## Work order
Return the stretch from the line with "Elegant CHANEL Winter" through the line with "kwmobile Slim Case" in the data below, character for character, skipping all pictures.

## Data for processing
----------------------------------------

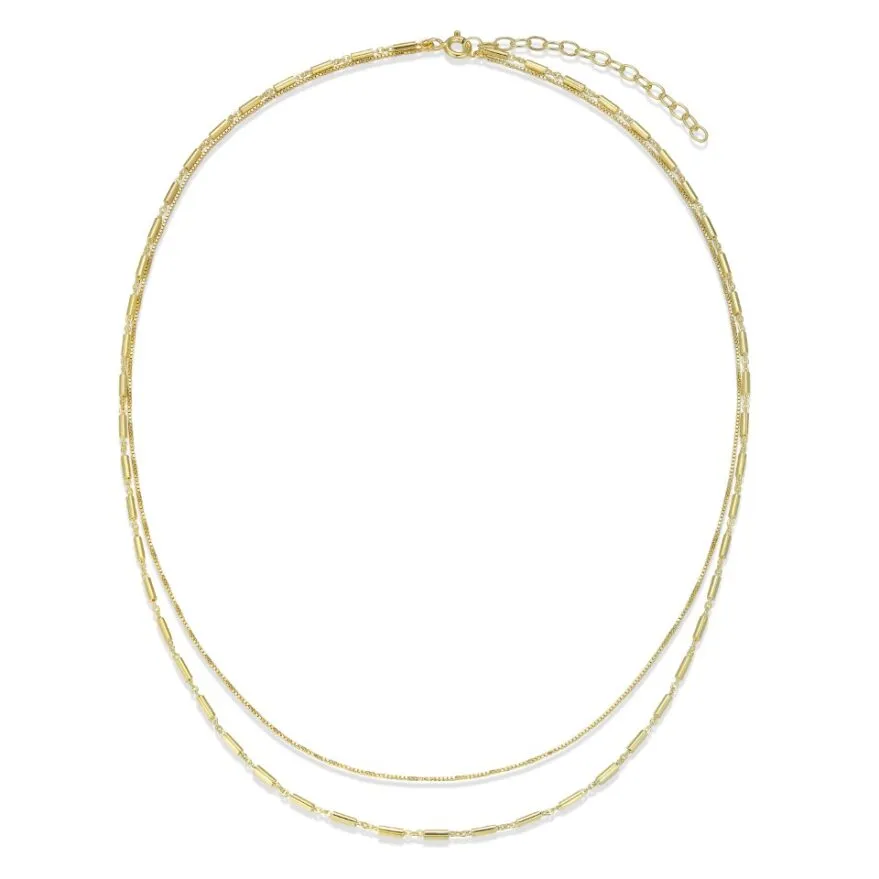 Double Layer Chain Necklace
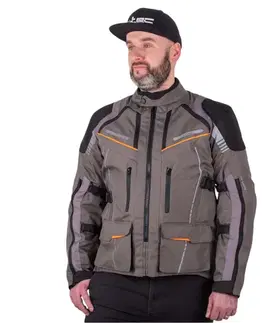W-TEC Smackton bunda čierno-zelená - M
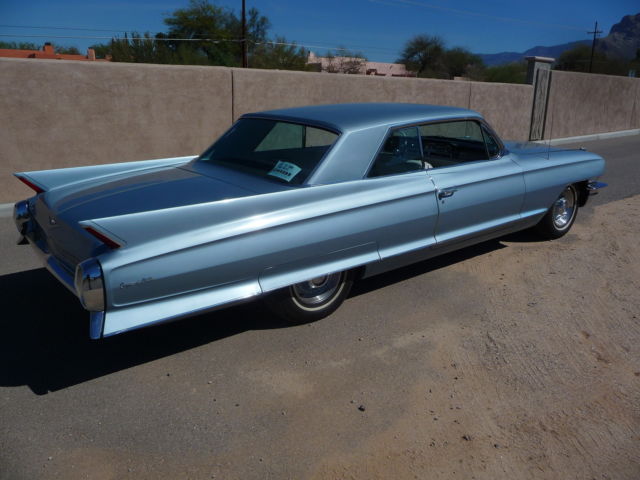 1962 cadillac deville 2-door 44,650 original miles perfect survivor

----------------------------------------

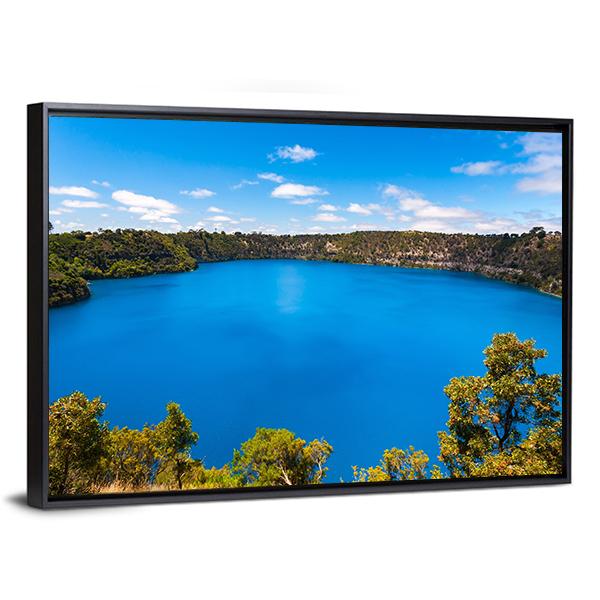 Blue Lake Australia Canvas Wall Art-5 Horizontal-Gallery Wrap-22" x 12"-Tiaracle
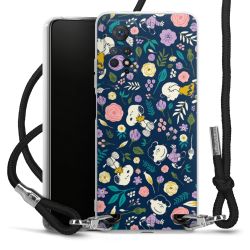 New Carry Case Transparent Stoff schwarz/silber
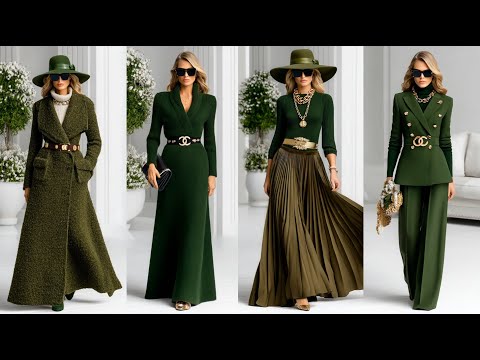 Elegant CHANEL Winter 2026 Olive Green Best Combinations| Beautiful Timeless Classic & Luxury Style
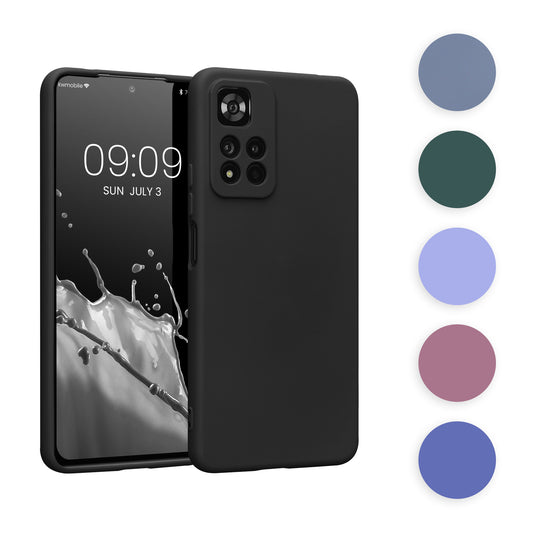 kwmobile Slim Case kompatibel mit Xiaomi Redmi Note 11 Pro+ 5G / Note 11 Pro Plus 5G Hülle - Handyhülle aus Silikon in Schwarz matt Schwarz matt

----------------------------------------

## Expected answer
 Elegant CHANEL Winter 2026 Olive Green Best Combinations| Beautiful Timeless Classic & Luxury Style
 kwmobile Slim Case kompatibel mit Xiaomi Redmi Note 11 Pro+ 5G / Note 11 Pro Plus 5G Hülle - Handyhülle aus Silikon in Schwarz matt Schwarz matt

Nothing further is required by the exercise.